Amazon has come under fire lately for spreading anti-vaccine conspiracy theories. Until a few days ago, it hosted several anti-vax documentaries on its video site Amazon Prime Video, including such classics as Shoot 'Em Up: The Truth About Vaccines, We Don't Vaccinate!, and Vaxxed: From Cover-Up to Catastrophe.
These documentaries, which have finally been removed from the platform, sat on Amazon Prime promoting such myths as 'vaccines cause autism' and falsely linking ADHD, rheumatism, and cancer to vaccines.
The company also came under fire from the chair of the House Intelligence Committee for recommending anti-vax books, including those by thoroughly discredited former physician Andrew Wakefield, who had his medical license revoked after he was found to have falsified data in a study that falsely linked vaccines to autism.
Now it transpires that Amazon has been helping to fund anti-vax charities through its charity arm Amazon Smile, according to a Guardian report.

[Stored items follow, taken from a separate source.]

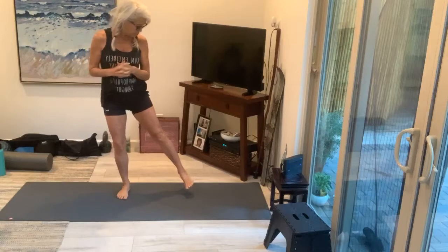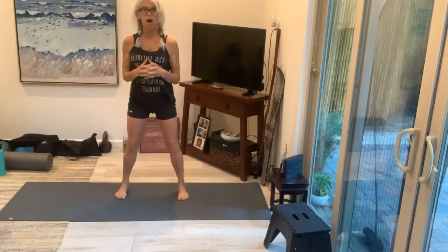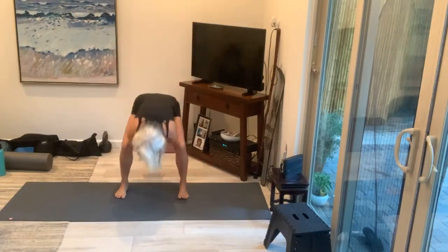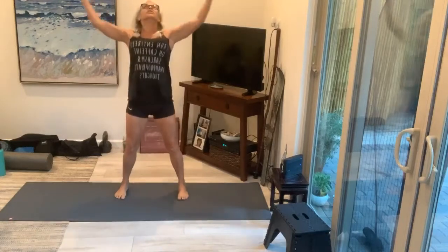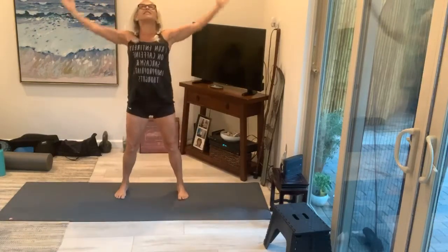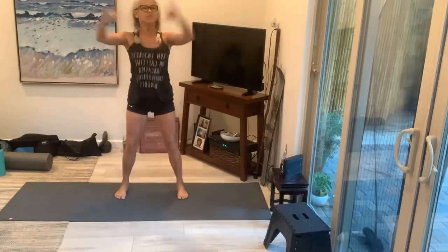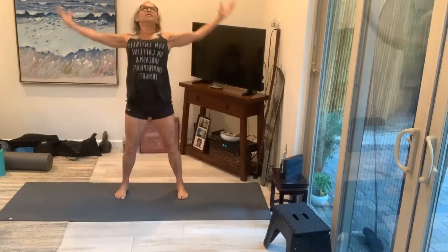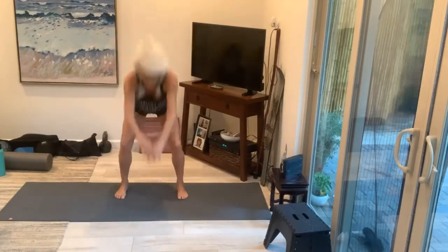Here we go — we're going to get right into toe touches and opening up the shoulders. Feet are a little wider than shoulder width apart. Go down in between the legs, press back, open up that chest and core. Breathe in when you come up. Keep breathing. Keep going, press. And three, two — open that chest up, put that head back — and last one.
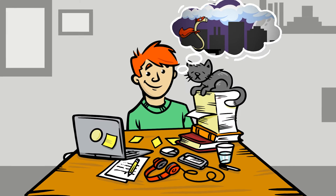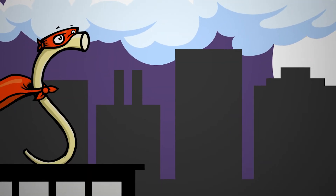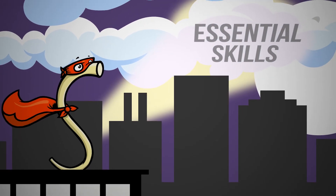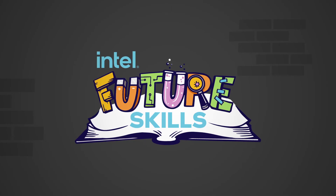So, if your noodle's cooking on a problem, that's a great thing. Just be willing to bend your thinking. Become flexible. This is the most essential skill you can build. So, how will you use the superpower of flexibility in your life today?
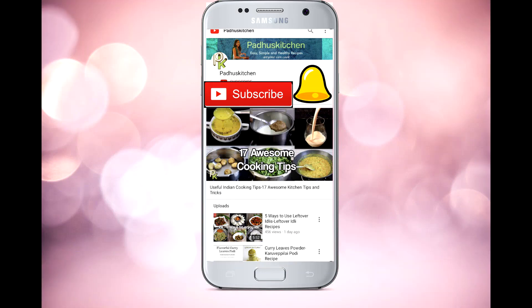Do like and share this video. Don't forget to subscribe to Padu's Kitchen and click the bell icon to get notifications whenever I post videos. Thank you.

Amazon Smile allows customers to donate 0.5 percent of their purchases to a charity of their choice. So far, so good. Unfortunately, amongst the organizations that customers can select are several anti-vaccination organizations and pressure groups, some of which actively promote the idea that vaccines are dangerous to children, and that vaccines cause autism. (Spoiler alert: Study after study has shown they do not.)

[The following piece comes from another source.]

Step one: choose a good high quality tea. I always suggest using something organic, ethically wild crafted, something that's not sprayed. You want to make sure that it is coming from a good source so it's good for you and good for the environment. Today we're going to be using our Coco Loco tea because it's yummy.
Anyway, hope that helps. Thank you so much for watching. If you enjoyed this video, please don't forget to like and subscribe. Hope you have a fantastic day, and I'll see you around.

Organizations that The Guardian found people could donate to on Amazon Smile include:
National Vaccine Information Center (NVIC)
Michigan for Vaccine Choice
An organization that pushes for opt-outs from vaccines in Michigan, which hosts scaremongering content such as the above on its website.
Learn the Risk
This is an organization that promoted the false information that a senator died after getting a flu shot (he actually died from complications relating to acute promyelocytic leukemia). When they aren't doing this they can be found on Twitter linking vaccines to autism, despite, to reiterate, there being no link.
Age of Autism
As you can guess from the title, this is not a balanced look at the science of vaccines. The "science" section of their website contains unscientific claims that autism is caused by "excessive vaccinations". On the right-hand side of this nonsense, they display a link titled "Support Autism Age. When you shop at smile.amazon.com, Amazon donates."
Physicians for Informed Consent
A group that promotes, brace yourself, the idea that the MMR vaccine is not safer than measles (which recently killed 238 people in the Philippines, just FYI).
It's not known how much has been donated to these and several other smaller organizations through Amazon Smile. However, it's pretty alarming that Amazon is making it easy for citizens to fund organizations that are actively spreading vaccine misinformation, just as preventable diseases such as measles are (completely unnecessarily) on the rise once more.